Harry Ell

Henry George (Harry) Ell was raised on the family farm at Halswell near Christchurch. From 1881 to 1884 he served at Parihaka as a volunteer in the armed constabulary. He  also worked in the printing trade, then as a salesman and surveyor. Ell began his involvement in politics in 1884. He was a Liberal Member of Parliament for 20 years and briefly a Cabinet minister in 1912. He had a strong interest in welfare and labour issues. An enthusiastic naturalist, he wanted to preserve forests to conserve soil and water, and create reserves and afforestation programmes to ensure adequate timber supplies and to provide better training for scientific foresters.

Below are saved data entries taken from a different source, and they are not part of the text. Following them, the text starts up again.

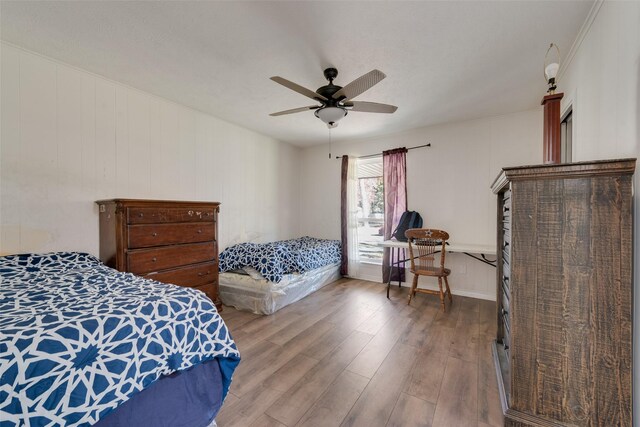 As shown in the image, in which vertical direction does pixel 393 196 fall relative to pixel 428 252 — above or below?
above

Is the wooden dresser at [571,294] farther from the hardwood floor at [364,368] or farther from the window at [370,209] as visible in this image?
the window at [370,209]

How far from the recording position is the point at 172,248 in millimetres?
2562

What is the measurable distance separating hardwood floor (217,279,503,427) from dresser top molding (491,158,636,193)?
135 cm

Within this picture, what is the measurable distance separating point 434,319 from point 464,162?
220 centimetres

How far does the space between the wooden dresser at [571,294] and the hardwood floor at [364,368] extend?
0.41 m

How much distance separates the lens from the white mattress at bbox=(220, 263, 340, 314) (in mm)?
2912

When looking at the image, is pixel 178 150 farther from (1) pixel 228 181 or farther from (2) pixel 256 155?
(2) pixel 256 155

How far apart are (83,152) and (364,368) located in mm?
3085

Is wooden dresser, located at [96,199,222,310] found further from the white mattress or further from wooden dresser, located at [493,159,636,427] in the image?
wooden dresser, located at [493,159,636,427]

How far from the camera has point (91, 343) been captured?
0.96 metres

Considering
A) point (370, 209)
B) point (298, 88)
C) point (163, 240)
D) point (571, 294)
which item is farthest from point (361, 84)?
point (370, 209)

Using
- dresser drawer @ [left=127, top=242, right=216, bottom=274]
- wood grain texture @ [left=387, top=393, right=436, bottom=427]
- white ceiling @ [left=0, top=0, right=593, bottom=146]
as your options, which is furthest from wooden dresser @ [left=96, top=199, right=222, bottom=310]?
wood grain texture @ [left=387, top=393, right=436, bottom=427]

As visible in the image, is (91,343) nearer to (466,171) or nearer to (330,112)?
(330,112)

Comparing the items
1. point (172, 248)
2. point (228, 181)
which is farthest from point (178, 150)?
point (172, 248) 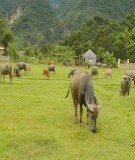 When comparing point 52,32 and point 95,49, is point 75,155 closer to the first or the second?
point 95,49

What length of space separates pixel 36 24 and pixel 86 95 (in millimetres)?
117056

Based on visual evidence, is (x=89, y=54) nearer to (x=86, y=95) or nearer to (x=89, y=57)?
(x=89, y=57)

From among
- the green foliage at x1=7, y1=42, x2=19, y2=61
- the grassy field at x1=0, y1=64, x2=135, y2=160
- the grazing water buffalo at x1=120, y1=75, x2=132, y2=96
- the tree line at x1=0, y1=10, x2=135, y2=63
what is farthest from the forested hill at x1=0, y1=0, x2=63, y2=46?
the grassy field at x1=0, y1=64, x2=135, y2=160

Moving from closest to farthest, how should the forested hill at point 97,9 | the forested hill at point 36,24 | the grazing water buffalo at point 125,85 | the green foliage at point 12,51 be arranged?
the grazing water buffalo at point 125,85, the green foliage at point 12,51, the forested hill at point 36,24, the forested hill at point 97,9

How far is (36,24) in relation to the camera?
131 metres

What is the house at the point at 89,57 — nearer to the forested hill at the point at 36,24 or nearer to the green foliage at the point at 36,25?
the green foliage at the point at 36,25

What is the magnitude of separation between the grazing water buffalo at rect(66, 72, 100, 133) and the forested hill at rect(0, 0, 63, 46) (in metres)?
106

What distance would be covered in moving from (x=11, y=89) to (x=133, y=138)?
Answer: 14.9 m

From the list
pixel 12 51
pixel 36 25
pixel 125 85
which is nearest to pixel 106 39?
pixel 12 51

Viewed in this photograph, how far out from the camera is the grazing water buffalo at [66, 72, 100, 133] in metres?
15.2

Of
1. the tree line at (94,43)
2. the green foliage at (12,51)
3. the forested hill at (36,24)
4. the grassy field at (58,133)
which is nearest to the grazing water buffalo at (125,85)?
the grassy field at (58,133)

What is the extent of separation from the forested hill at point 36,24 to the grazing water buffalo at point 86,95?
347 ft

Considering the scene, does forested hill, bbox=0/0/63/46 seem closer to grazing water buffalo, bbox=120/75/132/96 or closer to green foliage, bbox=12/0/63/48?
green foliage, bbox=12/0/63/48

His visionary campaign to develop reserves on a systematic basis during land settlement was influential in the passing of the Scenery Preservation Act. Following his parliamentary defeat in 1919, he became passionately devoted to his Summit Road scheme on the Port Hills above Christchurch. This was a grandiose plan for a network of reserves linked by a specially constructed road with regularly spaced rest houses made of the local stone and modelled on English inns. Three rest houses, the Sign of the Kiwi, Sign of the Packhorse and Sign of the Bellbird, as well as a substantial length of road were completed. His last years were fanatically devoted to construction of the fourth rest house, the Sign of the Takahe, but it was not completed until 1949, 15 years after his death.